Feeling a little sheepish at my lack of proficiency, we begin talking. Yamane, who was here as one of the poets taking part at the annual Jashn-e-Bahar mushaira in Delhi last week, recited his couplets to an amazed audience. "I like the look of utter disbelief on their faces when I begin speaking in Urdu," he says, adding that people instantly warm up to him when he switches to the language.

Yamane's interest in ghazals sparked off when he read Mir. He is familiar with most Urdu poets, part of his process of learning the language, but began writing only recently.

Modest about his many achievements, the professor says he began learning Hindustani when he was 18. "I read works of Indian authors writing in English and translations but felt the only way to get to know a country and its people is by reading their literature in their language — to know their real voice."

Urdu, he says, has been taught in Japan for over 100 years. The Urdu department in Osaka University is about 90 years old and the one in Tokyo University about 105. Yamane teaches the language to about 20 students each year. "Some come to learn after watching Bollywood movies, others come just for a degree but most end up falling in love with the language," he says.

Yamane has travelled extensively in India and Pakistan, where he struck a deep friendship with late Sufi singer, Nusrat Fateh Ali Khan. "He would ask me to click his pictures with my Japanese camera, one of which was also used as an album cover," he says.

Differentiating between romantic, philosophical and political Urdu poetry, he recites one of his couplets on the familiar theme of love and loss. I ask him if he drew his inspiration from a real-life mashuka. He smile and says perhaps. And what does he make of the most celebrated theme of sharaband saaki in shayari? He laughs and says: "Mujhe bahut pasand hai peena aur pilana."

Yamane feels giving grants and talking about saving language and culture from a distance is not enough. "You have to embrace the language and its cultural ethos and feel proud about it. In Japan, we have a lot of outside influences but we remain proud about our language and culture. That is what is important," he says.

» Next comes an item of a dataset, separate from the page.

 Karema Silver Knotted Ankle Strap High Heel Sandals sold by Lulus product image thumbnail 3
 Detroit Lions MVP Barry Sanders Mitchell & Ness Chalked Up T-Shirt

Yamane also travelled to Patna recently to take part in a mushaira and says he was pleased to see so many young people attend it. "You'd think only old people would come to such events, but it was nice to see so many young faces. I think Indians do care about the language."

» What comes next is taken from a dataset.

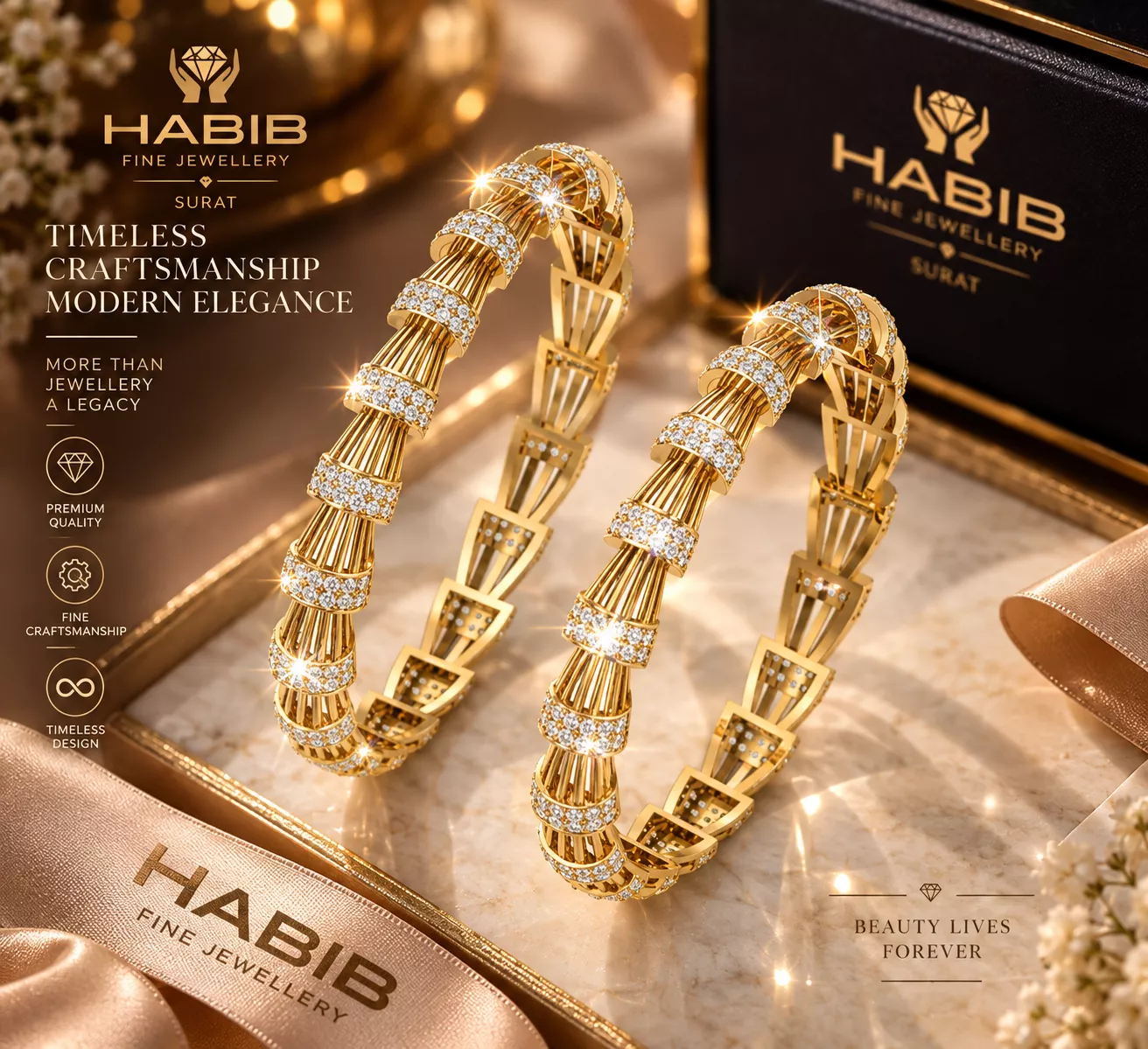 Luxury Diamond Bangle Pair 3D Model 18K Gold Jewelry CAD 3D print model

And though people may have complains about "filmi culture" diluting the language, he feels it's great to hear Bollwood songs with a few odd words of Urdu thrown in. "I am also a great fan of Gulzar," he says.

Yamane likes to show Bollywood films in his class to familiarise his students with the language, its people and contemporary culture. "I showed 3 Idiots to my students and they were in tears after watching the film," he says. The professor travels to India and Pakistan every year. Does he ever plan to publish his own book of Urdu couplets? He laughs off the idea and says, "Mujhe maaf kijiye, main bahut mamooli shayar hoon."